▶ **YOUR GOAL**:
Can the lines below, from the one that holds "Produktbild von Wolf" to the very end, be echoed exactly, with both ends included and no pictures?

▶ **MATERIAL SUPPLIED**:
┌────────

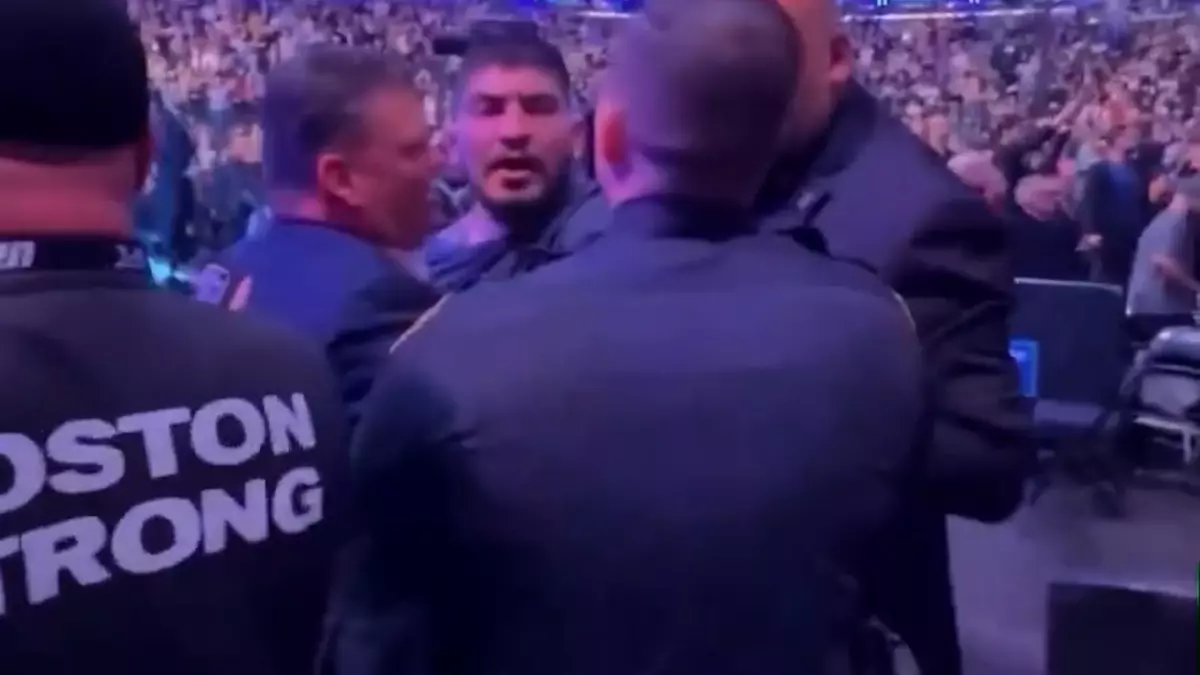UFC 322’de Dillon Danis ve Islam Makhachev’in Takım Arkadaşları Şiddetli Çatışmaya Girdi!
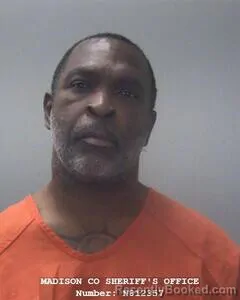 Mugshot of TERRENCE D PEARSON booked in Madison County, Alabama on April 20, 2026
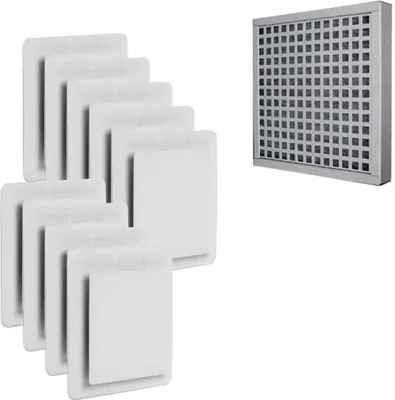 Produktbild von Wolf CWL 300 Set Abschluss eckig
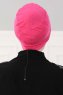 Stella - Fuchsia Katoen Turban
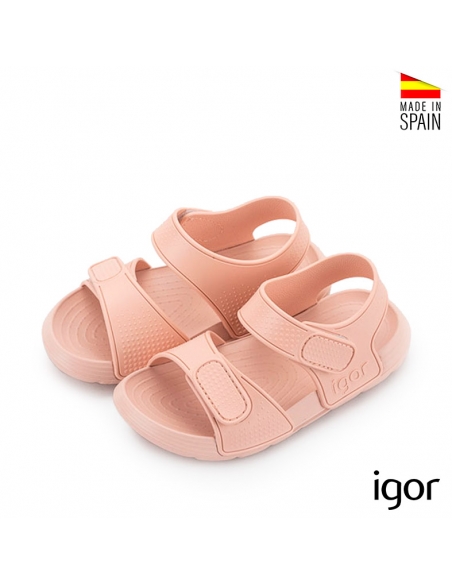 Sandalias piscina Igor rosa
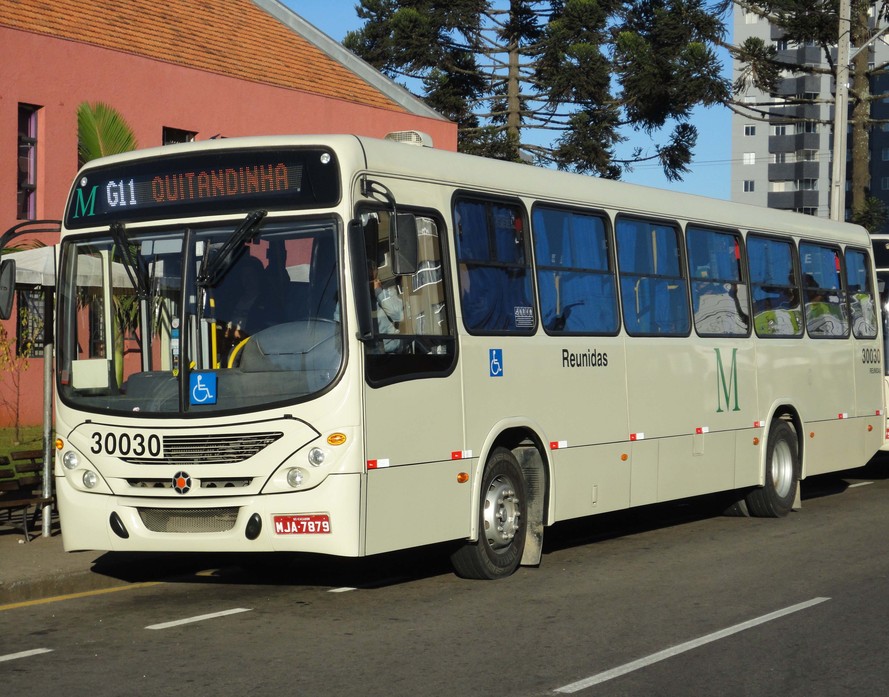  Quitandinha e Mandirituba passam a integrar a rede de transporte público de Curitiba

└────────

▶ **EXPECTED ANSWER**:
 Produktbild von Wolf CWL 300 Set Abschluss eckig
 Stella - Fuchsia Katoen Turban
 Sandalias piscina Igor rosa
  Quitandinha e Mandirituba passam a integrar a rede de transporte público de Curitiba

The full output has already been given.